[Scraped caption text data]
• • • • •

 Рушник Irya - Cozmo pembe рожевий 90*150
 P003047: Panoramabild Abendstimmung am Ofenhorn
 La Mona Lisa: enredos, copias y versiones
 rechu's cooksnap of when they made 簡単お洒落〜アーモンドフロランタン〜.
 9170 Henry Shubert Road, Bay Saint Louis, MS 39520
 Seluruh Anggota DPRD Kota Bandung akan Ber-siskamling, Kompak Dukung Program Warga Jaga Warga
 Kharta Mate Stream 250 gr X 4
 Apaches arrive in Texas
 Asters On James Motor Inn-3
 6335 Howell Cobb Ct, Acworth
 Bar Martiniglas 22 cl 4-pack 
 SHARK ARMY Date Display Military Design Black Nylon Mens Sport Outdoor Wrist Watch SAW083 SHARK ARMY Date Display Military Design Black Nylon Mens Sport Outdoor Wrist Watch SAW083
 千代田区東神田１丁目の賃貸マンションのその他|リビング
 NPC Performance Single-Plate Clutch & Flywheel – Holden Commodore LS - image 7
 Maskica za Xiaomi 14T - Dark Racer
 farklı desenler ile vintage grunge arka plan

• • • • •

▶ What the exercise asks
Starting at the line that contains "NPC Performance Single-Plate", reproduce each line through the end of the records exactly, both ends included.

▶ Task answer
 NPC Performance Single-Plate Clutch & Flywheel – Holden Commodore LS - image 7
 Maskica za Xiaomi 14T - Dark Racer
 farklı desenler ile vintage grunge arka plan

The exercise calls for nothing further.